In her foreword to the report, the chair of the Charity Commission says “Leadership of any size of charity means pursuing a charitable mission selflessly and putting that mission before anything else”. The implication in this context is that Oxfam’s leaders were guilty of putting selfish considerations ahead of their mission. She continues: “ultimately being a charity is more than just what you do, it is about the way in which you do it.” In her speeches she has elaborated that charities need to change their behaviour and attitudes to become more selfless and charitable as defined by public expectations. The chief executive of the Charity Commission writes that “Over a period of years, Oxfam‘s internal culture tolerated poor behaviour, and at times lost sight of the values it stands for.” The device of personalising a culture falls short of saying in terms that the Trustees and staff leaders of Oxfam tolerated poor behaviour and lost sight of their values – but only just. NCVO has said “…once again the key lesson for all of us is that, in order to “do good” and create positive change in the world, we must also “be good” and operate at the highest ethical standards.” 

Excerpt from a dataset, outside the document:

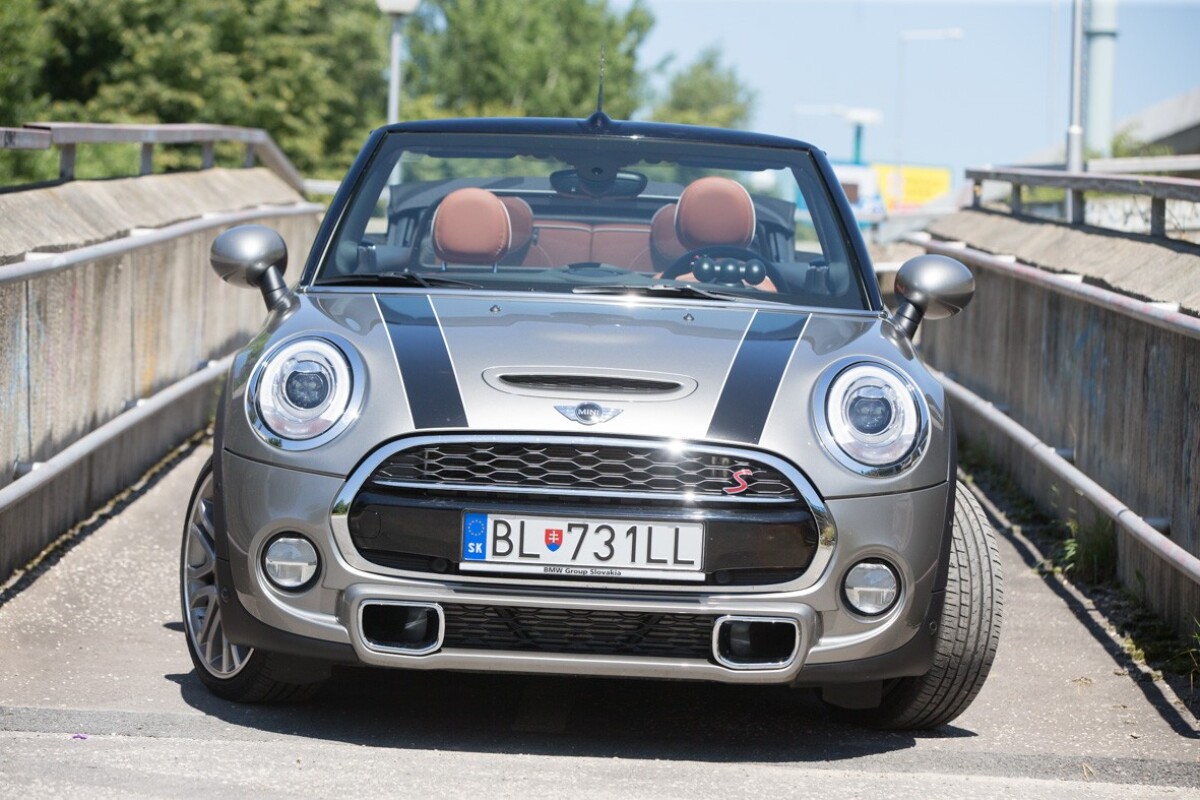 Mini Cooper S Cabrio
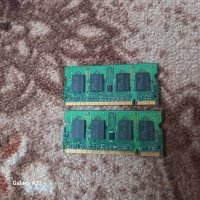 RAM  2x1 GB   DDR 2, снимка 2 - Части за лаптопи - 39863259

Oxfam has repeatedly apologised for the unacceptable actions of some of its representatives in Haiti, breaching its own code of conduct, and for the flaws in the response and subsequent reporting by its leadership in Oxford in 2011. They have also acknowledged that the investment of resources in its specialist safeguarding unit since 2012 was inadequate: this is the time period on which I want to focus. They have accepted the findings of the Charity Commission Inquiry and are working on a major change programme. Oxfam have taken a mighty hit on behalf of all of us who were no more, and in many cases less, aware and well equipped than Oxfam in the dimension of safeguarding and aspects of HR culture. There are plenty of vital lessons for all of us from the Charity Commission Report and the parallel Oxfam Independent Commission Report. Let us make sure they are the right lessons.

The evidence does not support sweeping generalisations about moral or ethical failures by Oxfam’s leadership

It is one thing to display moral and ethical flaws. It is another thing to make difficult choices between many different requirements, all morally and ethically weighty, competing for attention and resources, in the years after 2012. The problem was not that Oxfam’s leaders were not good, ethical people, working hard for Oxfam to be good as well as do good. They were. With the awareness of hindsight they would obviously have made different choices and paid more attention to safeguarding, but that is not the same as implying they were selfish or promoting concerns other than the mission. 

A little context may help, which for whatever reason was not brought out in the Charity Commission report. In this period post 2012 Oxfam was turning itself into a reformed confederation. Instead of being a looser association of different Oxfams, controlled from the global north, resulting in six or more different Oxfams operating in the same developing country with different systems, cultures and priorities, a truly enormous effort was made to create a powerful Oxfam International. This would be based eventually in the global south, and led by the iconic Winnie Biniyama from Uganda. It would be a unified operation managing all Oxfam’s programmes while one (not six or more) northern member provided the logistical and organisational back-up in each country. Regional structures were removed and replaced with other arrangements, and responsibility for other confederation-wide functions (such as HR, security, and safeguarding) would in time be transferred to Oxfam International.

That is a highly oversimplified account of a mind-blowingly complex set of negotiations and an implementation process dominating much leadership attention during these years. 

The aim – fundamentally ethical – was precisely to attend not just to the “worthy” cause of poverty reduction and human rights but to the way in which the cause should be pursued. The driver was a desire to achieve an organisation that more truly reflected Oxfam’s values about empowerment and putting the needs of the world’s poor above the sectional or selfish interests of different Oxfams from developed countries.  It was also to eliminate waste of charitable resources and incoherence, empower an international staff closer to the people in developing countries themselves, working in a united way to a strategy agreed by all Oxfam’s constituent parts, achieving greater impact. It was a major sharing of power – not easy for any organisation like Oxfam GB and the other powerful Oxfam Affiliates to contemplate.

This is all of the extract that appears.